Hollande: US must respect 'irreversible' climate deal
French President Francois Hollande on Tuesday urged the United States to respect the "irreversible" Paris Agreement on climate change, and said France will lead a dialogue on the topic with President-elect Donald Trump "on behalf of the 100 countries that have ratified" the deal.
Speaking to a U.N. climate conference in Morocco, Hollande praised U.S. President Barack Obama for his role in getting the landmark pact adopted in the French capital last year.
"The United States, the most powerful economy in the world, the second-largest emitter of greenhouse gases, must respect the commitments that were made," he said. "It's not simply their duty, it's in their interest."
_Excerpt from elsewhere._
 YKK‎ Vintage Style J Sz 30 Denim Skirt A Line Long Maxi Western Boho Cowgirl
Scientists say oil and other fossil fuels are the biggest contributors to man-made warming. Trump, however, has called global warming a "hoax" and pledged during his campaign to "cancel" the Paris deal.
"The agreement was historic," Hollande said. "But what we must say here is that this agreement is irreversible."
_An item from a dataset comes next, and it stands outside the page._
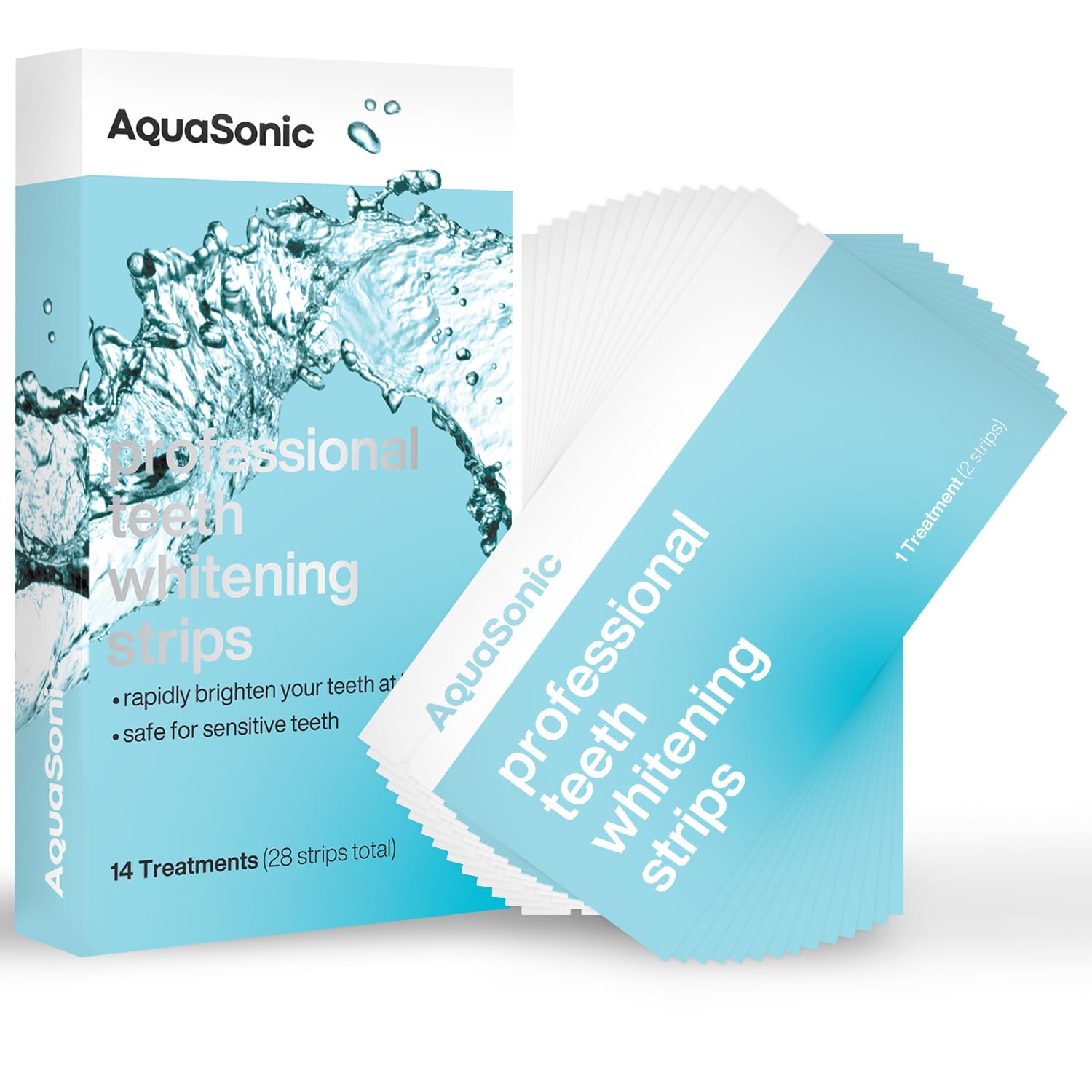 Aquasonic coffret bandes-blanchiment-dents promet un sourire plus clair après utilisation.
Earlier, U.N. Secretary-General Ban Ki-moon said he hopes Trump will shift his course on global warming and "understand the seriousness and urgency" of addressing the problem.
"As president of the United States, I'm sure that he will understand this, he will listen and he will evaluate his campaign remarks," Ban told reporters in Marrakech.
The Paris Agreement was signed by more than 190 countries and has been formally approved by more than 100 of them, including the United States and even oil-rich Saudi Arabia.
Ban called international climate action "unstoppable" and said that no country, "however resourceful or powerful," is immune from the impacts of global warming.
"We have no right to gamble with the fate of future generations—or imperil the survival of other species that share our planet," Ban told the conference.
Trump's election has created uncertainty about the U.S. role in the Paris deal, which calls on all countries to reduce or curb their greenhouse gas emissions and encourages rich countries to help poor ones deal with climate change.
King Mohammed VI of Morocco urged delegates at the conference to translate their commitments into actions.
"What's at stake is the very existence of man," the king said. "It is therefore our joint duty to work hand in hand to protect humanity."